Arctic Summer

The condition of the Arctic sea ice is exciting lots of comment this year. All this is in sharp contrast to last year. Recent headlines are taking note that the sea ice surrounding the pole itself is one year ice and the related patch is huge. Of course this is an artifact of the winds. If the winds fail to change the configuration, it is safe to say that the pole will be ice free this August for a couple hundred miles in all direction.

More importantly, for the past several weeks, the areal extent of the ice has mirrored last years chart. We can in fact expect a reduction over last year once we hit the end of season. The winds are also clearly able to move material around much more freely than in past years as is reasonable. This means that the long term ice is breaking up and is free to intermingle better with the younger ice leading to a mechanical acceleration of the ice loss.

I have made the observation that last years melt indicated a complete annual clearing of the Arctic as early as 2012. To my surprise, last years winter has not changed this prognosis one bit. This is holding true despite the fact that this year’s growing season is around two weeks late. The raspberries have just started to ripen in Vancouver when we should have been picking for two weeks. By the way, we need to be nervous about the fall grain harvest. We should be fine, but an early frost combined with a two week late ripening of the grain is quite possible.

An open question is whether or not we have a new climate regime or not of warm arctic summers followed by chilly northern winters.

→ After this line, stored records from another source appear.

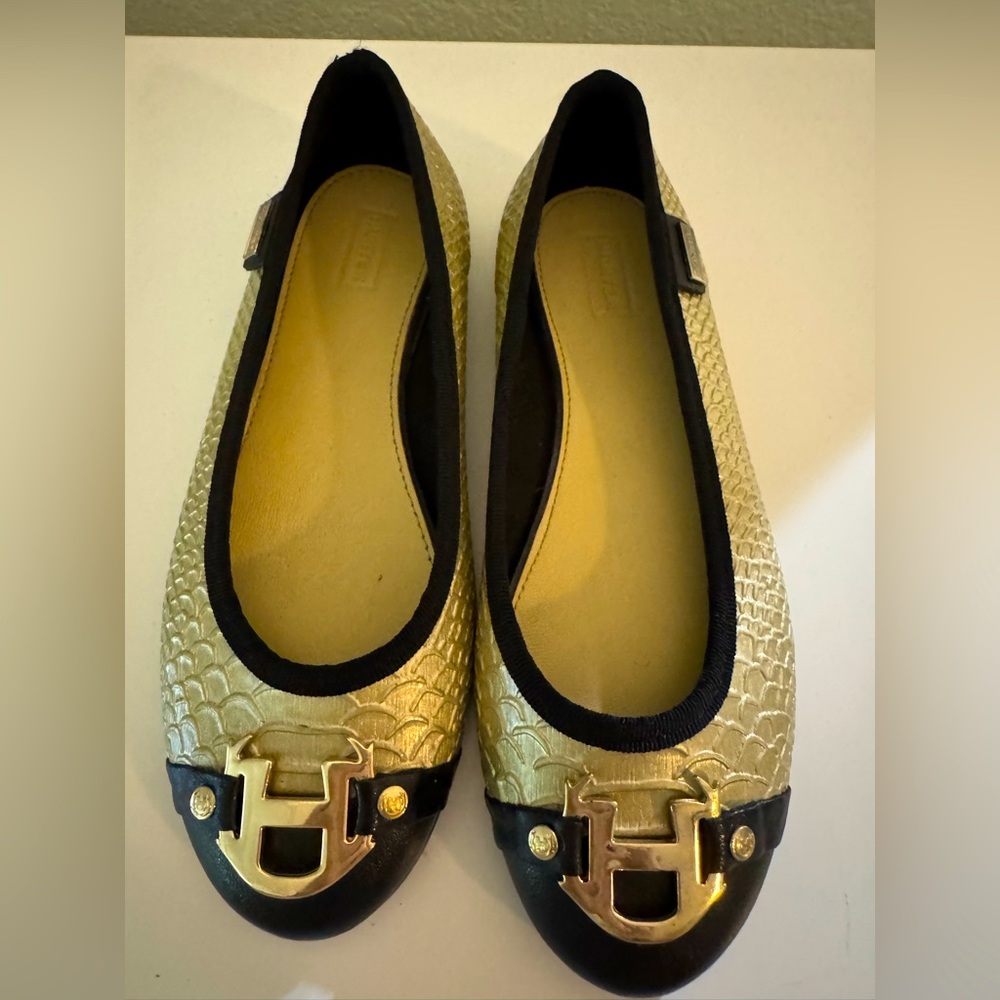 Hunter Sloane Snake Ballet Flats Black and Gold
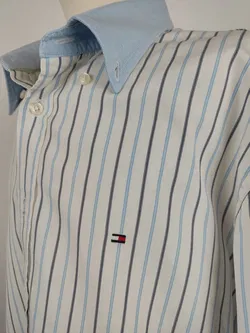 Tommy Hilfiger Herren Hemd blau schwarz gestreift - M/48 - Bild 3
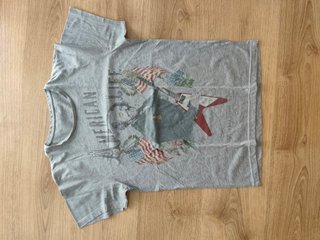 T-shirt Pull&Bear Cinzenta Estampado American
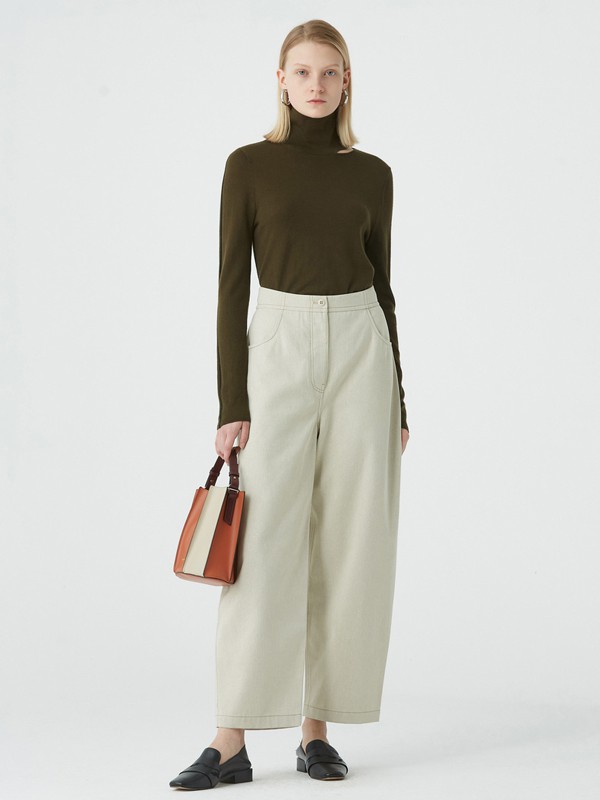 玛丝菲尔2020秋冬季绿色高领打底衫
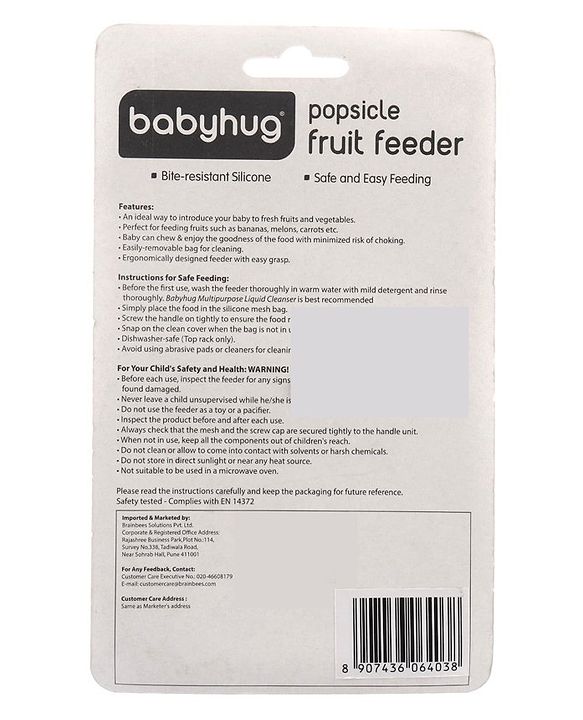 Babyhug Popsicle Shaped Fruit & Food Nibbler - Blue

It is way too soon to really know what the reconstructed northern climate will look like now that the sea ice is well on the way to be reconfigured.

And that is what really needs to be recognized. Possibly for the first time since the medieval optimum, the long term arctic sea ice is disappearing. There will be a winter sea ice regime that will be likely fully removed every summer. Last year, strong westerly winds cleared the western arctic. This year we seem to be getting it from the eastern arctic or something like that. It is clearly very different.

So here we are, having passed through a very overdue cold winter, finding no effect on the ongoing sea ice removal in the arctic. I would speculate that breakup conditions have been reached and that it would now require a powerful northern climate reversal to even stop this process.

From now on, the only remaining variable will be the frequency of warm northern winters which can then accelerate the summer ice removal. This year, I see no reason to expect much real change over last year, but had conditions mirrored the past year we would have seen another sharp ice removal phase. Even without that, the annual surplus heat in the northern hemisphere which has been impacting the arctic for at least thirty years will continue to do its work.

In the meantime, the summer cruise ships heading for the pole could well have a real treat this summer. An open sea at the poles is just too good to miss. And I imagine that the press will be there in force.